The Midnight Library is about a woman named Nora Seed who, feeling lost and depressed about her life, decides she no longer wants to live. She takes some pills and washes them down with wine. She drifts off and ends up at a library. The librarian, a woman Nora knew from her childhood, shows her a book filled with Nora’s life regrets and tells her she can go to any of a million different iterations of places her life might have led had she made different choices. She simply needs to select a regret and she will be transported to that divergent life, already in progress. The books allow Nora to answer the age old question “what if.”

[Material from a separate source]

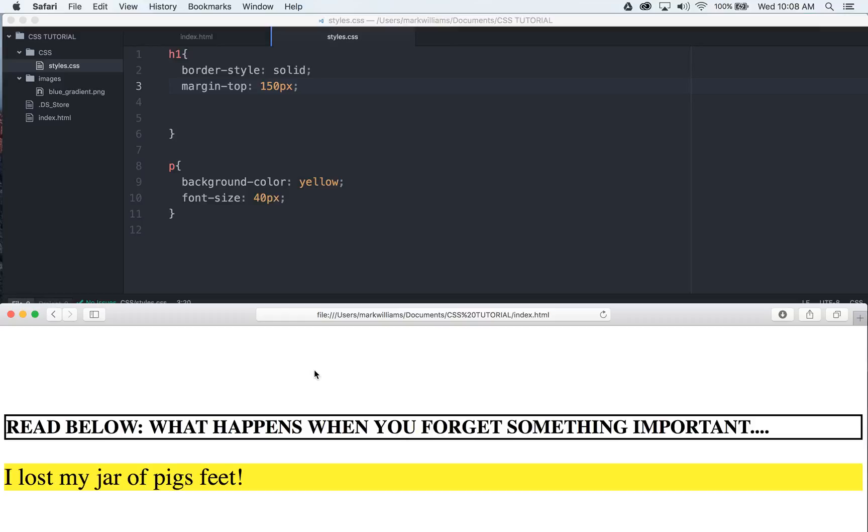This becomes very important when you have multiple paragraph tags you want to line up, or images you want to move over and tweak minor spots here or there. So that is margins for you. Hope you have fun with it. Have fun tweaking your page with these things because I use them a lot.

It has taken me a long time and a lot of therapy to land at a place where I no longer abuse myself over my “what if” regrets. I’ve discussed that here before. Your what ifs are impossible because in the past you made choices based on who you were at that time using information you had available to you at that time. Looking back now, with a different mind and different experiences, alters the light you shine on those past events, people, and opportunities you let slip away. It makes them either shinier and more attractive or duller and less attractive but, either way, your current consciousness transforms them into something they are not. All of this makes our regrets like our worries…thinking about them will give you something to do, but it won’t get you anywhere.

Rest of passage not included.